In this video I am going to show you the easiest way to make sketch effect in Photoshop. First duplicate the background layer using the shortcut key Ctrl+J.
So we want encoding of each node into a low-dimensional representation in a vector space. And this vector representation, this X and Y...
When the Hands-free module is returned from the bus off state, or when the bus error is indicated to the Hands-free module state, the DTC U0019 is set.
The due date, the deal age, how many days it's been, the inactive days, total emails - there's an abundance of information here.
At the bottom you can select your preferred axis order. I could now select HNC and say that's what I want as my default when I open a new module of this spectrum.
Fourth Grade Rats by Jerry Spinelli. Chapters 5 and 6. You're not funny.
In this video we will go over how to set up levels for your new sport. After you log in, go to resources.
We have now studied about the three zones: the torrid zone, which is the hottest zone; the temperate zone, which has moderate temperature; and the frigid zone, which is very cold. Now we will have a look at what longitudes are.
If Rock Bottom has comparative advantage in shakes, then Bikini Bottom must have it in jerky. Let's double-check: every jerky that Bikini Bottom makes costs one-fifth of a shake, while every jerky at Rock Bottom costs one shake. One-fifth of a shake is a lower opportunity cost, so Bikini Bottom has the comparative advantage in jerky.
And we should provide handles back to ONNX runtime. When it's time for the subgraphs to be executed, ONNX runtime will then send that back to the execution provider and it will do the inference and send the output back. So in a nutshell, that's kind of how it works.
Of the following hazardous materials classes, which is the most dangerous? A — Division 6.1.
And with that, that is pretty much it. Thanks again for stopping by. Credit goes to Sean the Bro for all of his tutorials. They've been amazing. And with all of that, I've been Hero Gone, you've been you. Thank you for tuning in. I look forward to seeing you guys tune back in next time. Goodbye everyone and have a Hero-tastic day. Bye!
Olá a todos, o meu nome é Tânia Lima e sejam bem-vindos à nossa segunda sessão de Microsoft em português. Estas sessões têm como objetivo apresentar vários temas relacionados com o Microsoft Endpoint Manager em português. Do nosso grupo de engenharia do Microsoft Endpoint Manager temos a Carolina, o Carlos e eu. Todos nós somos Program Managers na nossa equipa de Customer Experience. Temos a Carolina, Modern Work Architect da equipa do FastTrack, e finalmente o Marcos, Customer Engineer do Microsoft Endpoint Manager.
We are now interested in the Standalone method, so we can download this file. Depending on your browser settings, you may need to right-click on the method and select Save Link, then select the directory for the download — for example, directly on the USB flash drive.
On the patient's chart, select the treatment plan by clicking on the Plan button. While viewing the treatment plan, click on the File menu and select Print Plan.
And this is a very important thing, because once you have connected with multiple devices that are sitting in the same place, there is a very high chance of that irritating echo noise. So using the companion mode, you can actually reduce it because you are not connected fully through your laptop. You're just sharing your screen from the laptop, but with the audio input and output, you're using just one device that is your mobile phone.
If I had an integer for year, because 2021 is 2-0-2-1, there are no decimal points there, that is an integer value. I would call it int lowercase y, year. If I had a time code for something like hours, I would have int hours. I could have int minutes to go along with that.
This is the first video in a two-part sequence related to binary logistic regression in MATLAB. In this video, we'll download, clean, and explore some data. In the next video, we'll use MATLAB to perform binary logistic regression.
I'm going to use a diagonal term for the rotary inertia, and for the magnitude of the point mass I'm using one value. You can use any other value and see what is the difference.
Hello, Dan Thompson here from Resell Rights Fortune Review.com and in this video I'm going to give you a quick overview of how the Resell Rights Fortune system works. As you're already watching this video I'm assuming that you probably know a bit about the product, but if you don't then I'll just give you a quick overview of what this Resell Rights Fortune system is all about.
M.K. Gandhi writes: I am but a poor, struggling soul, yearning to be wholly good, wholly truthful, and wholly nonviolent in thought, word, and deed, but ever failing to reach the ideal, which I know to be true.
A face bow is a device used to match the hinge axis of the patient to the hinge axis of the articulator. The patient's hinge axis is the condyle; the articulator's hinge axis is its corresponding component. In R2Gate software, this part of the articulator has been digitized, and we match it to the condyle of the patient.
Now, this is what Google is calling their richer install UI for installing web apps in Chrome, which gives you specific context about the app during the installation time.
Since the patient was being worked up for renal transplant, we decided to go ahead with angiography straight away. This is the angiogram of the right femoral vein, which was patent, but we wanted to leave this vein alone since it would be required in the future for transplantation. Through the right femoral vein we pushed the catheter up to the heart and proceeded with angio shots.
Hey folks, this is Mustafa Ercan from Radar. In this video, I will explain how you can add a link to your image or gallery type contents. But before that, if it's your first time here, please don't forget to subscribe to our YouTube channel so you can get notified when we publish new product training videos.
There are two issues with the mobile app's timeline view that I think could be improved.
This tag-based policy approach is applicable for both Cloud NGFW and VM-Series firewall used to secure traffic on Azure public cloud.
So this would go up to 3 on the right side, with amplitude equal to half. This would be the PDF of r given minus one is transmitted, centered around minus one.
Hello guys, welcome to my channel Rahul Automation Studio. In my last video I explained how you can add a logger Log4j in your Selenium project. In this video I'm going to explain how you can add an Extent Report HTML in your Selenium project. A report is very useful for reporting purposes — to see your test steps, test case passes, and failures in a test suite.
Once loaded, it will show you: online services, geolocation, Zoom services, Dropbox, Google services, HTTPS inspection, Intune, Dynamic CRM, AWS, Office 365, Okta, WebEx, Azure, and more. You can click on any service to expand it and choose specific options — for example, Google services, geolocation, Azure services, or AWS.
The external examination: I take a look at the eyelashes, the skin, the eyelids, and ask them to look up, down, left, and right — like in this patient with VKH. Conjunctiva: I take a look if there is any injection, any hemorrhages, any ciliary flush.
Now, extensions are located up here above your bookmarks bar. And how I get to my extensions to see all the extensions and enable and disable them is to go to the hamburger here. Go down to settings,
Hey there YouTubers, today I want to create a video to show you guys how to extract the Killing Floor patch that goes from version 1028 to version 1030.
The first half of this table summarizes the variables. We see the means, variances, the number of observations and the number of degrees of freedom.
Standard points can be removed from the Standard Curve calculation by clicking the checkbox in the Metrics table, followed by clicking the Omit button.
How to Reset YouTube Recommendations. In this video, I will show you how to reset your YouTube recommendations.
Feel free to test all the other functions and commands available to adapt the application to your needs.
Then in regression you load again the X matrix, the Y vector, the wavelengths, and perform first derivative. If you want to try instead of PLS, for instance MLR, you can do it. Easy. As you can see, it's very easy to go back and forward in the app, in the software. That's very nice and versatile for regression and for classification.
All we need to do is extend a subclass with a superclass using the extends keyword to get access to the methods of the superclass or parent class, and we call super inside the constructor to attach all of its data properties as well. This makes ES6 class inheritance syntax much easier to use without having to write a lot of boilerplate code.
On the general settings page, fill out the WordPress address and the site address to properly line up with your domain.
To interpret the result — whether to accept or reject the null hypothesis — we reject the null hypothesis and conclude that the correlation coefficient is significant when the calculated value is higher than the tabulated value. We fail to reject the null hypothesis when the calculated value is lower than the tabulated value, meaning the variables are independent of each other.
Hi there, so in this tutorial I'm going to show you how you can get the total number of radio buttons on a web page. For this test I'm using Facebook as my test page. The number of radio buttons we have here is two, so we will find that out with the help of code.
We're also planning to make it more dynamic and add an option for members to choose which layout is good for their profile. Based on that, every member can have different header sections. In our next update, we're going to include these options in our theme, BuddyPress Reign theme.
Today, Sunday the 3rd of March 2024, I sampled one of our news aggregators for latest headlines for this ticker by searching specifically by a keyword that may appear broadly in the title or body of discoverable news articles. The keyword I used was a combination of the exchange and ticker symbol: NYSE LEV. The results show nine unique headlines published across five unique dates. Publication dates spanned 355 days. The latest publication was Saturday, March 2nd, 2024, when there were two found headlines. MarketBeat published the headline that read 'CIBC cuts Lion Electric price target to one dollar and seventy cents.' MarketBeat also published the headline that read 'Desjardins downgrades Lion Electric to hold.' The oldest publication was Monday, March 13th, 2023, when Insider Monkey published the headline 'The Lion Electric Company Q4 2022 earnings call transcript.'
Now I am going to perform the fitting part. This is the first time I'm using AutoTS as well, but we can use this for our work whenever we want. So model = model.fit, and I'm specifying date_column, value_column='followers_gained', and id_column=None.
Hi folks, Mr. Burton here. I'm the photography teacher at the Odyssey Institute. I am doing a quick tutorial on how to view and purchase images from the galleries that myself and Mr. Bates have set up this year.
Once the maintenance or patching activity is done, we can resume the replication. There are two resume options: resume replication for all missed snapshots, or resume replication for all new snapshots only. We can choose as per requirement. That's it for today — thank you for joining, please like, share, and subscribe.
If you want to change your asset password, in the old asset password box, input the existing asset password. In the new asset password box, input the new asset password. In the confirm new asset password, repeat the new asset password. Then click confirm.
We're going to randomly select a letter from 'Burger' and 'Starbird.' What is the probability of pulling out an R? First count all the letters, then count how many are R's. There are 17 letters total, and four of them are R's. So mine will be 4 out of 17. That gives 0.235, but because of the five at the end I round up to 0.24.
========
* [TASK TO CARRY OUT] Begin at the first line of the material and transcribe each line exactly. End with the line containing "In this video we", and give nothing else.

* [COMPLETED TASK]
In this video I am going to show you the easiest way to make sketch effect in Photoshop. First duplicate the background layer using the shortcut key Ctrl+J.
So we want encoding of each node into a low-dimensional representation in a vector space. And this vector representation, this X and Y...
When the Hands-free module is returned from the bus off state, or when the bus error is indicated to the Hands-free module state, the DTC U0019 is set.
The due date, the deal age, how many days it's been, the inactive days, total emails - there's an abundance of information here.
At the bottom you can select your preferred axis order. I could now select HNC and say that's what I want as my default when I open a new module of this spectrum.
Fourth Grade Rats by Jerry Spinelli. Chapters 5 and 6. You're not funny.
In this video we will go over how to set up levels for your new sport. After you log in, go to resources.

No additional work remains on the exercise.